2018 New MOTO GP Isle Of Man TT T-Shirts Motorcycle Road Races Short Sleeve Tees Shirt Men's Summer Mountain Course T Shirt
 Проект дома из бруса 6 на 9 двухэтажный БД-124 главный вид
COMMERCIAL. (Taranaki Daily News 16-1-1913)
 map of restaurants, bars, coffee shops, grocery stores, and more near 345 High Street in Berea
_ _ _ _
> **TASK TO CARRY OUT**:
Down to the last line, repeat the data exactly.

> **EXERCISE ANSWER**:
2018 New MOTO GP Isle Of Man TT T-Shirts Motorcycle Road Races Short Sleeve Tees Shirt Men's Summer Mountain Course T Shirt
 Проект дома из бруса 6 на 9 двухэтажный БД-124 главный вид
COMMERCIAL. (Taranaki Daily News 16-1-1913)
 map of restaurants, bars, coffee shops, grocery stores, and more near 345 High Street in Berea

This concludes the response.